### Source records
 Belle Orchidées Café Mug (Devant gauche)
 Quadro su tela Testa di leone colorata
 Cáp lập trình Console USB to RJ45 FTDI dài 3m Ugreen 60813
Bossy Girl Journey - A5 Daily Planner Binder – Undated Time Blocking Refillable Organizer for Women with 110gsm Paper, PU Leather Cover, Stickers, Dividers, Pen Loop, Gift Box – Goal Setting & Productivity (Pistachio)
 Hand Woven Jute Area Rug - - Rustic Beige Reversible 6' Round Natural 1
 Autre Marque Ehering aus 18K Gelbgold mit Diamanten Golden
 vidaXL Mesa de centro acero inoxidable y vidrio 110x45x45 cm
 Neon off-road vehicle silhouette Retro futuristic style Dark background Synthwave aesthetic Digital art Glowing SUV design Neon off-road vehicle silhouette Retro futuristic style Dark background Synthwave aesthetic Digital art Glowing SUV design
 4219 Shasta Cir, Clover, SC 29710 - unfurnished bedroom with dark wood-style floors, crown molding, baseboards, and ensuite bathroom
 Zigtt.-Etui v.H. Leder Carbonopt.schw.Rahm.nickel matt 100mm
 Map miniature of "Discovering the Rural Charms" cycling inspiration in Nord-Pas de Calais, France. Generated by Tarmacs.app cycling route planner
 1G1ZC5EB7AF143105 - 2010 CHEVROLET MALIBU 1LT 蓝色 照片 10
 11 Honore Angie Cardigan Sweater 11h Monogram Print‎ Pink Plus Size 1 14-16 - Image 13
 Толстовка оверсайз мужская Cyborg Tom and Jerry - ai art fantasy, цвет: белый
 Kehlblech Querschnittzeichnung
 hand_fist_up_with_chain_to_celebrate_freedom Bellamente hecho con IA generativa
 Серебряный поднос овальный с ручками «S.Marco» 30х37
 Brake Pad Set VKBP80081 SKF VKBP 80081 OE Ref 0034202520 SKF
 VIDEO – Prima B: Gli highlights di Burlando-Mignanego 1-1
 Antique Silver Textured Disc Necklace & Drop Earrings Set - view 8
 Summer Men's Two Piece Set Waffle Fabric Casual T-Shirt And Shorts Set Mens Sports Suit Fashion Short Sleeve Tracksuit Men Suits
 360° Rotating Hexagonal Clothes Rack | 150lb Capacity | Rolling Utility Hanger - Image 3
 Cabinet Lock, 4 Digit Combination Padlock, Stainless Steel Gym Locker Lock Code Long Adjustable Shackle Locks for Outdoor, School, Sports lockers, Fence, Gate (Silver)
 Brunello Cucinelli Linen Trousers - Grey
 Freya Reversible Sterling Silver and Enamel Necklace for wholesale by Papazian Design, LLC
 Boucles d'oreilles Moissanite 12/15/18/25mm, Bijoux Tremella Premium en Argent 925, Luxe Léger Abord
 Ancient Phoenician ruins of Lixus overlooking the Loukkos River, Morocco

### What is being asked
This exercise requires the lines of the entries containing the string "Necklace".

### Exercise solution
 Antique Silver Textured Disc Necklace & Drop Earrings Set - view 8
 Freya Reversible Sterling Silver and Enamel Necklace for wholesale by Papazian Design, LLC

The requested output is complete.